Non-weird can be an expensive constraint, fruitful to relax if going beyond a minimalism setup. A baseball hat can barnacle quite a bit before people find it remarkable... at least around Boston. For instance, for head tracking, an Intel RealSense, or a hat fisheye camera and tennis ball on the table, or an optical marker on a hat chopstick, can be simpler, easier, lower power, and less expensive, than invoking "and it has to look non-weird". With current tech, that's almost as challenging as "and it has to be a product".

> as these AR glasses continue to improve and Linux continues to be flexible and awesome.

I suggest Nreal (now Xreal) made a bad call here. They developed internally on Ubuntu, but chose to shut out linux. (Caveat: I've not followed in a few years, maybe that's changed.) Unicorn dreams and race to mass market - maybe the right call if everyone started watching media on phones with glasses. But it could have been an inexpensive risk mitigation, and a worthwhile investment once market fit was clearly a long haul.

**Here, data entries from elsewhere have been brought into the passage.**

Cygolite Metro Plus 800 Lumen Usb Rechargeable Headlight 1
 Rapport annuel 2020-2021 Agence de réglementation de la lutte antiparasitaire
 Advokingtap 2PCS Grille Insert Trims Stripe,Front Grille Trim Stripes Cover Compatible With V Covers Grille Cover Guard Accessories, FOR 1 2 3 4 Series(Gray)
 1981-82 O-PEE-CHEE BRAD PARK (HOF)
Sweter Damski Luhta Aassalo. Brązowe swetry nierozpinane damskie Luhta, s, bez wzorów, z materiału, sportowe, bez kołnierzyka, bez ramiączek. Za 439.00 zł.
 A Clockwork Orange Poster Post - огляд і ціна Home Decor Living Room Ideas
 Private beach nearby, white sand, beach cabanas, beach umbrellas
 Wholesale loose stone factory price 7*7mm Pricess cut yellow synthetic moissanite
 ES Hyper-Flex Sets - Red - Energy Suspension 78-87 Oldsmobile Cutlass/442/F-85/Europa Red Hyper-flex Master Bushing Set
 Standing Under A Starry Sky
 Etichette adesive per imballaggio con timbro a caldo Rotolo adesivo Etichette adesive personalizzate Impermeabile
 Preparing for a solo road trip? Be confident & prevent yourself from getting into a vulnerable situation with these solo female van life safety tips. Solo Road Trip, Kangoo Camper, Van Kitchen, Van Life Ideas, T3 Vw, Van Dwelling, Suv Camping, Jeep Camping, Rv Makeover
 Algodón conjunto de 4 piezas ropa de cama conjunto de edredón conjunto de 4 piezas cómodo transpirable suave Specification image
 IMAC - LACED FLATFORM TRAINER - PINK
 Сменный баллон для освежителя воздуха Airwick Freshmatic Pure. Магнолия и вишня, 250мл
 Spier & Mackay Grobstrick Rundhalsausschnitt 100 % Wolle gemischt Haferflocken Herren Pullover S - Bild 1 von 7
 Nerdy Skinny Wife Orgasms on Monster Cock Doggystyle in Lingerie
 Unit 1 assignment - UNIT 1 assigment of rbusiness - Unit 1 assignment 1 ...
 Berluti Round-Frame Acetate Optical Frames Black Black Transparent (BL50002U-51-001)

Is there some doc which lays out alternatives for a company who thinks they have a crown-jewel binary blob, to allow the community to wrap it for linux consumption, with minimal "we just throw a blob over the wall - we don't support linuxes" cost? It's been a lot of years that something like TFA has been possible, during which a lot of developers could have been exploring for viable market niches. Instead of... not.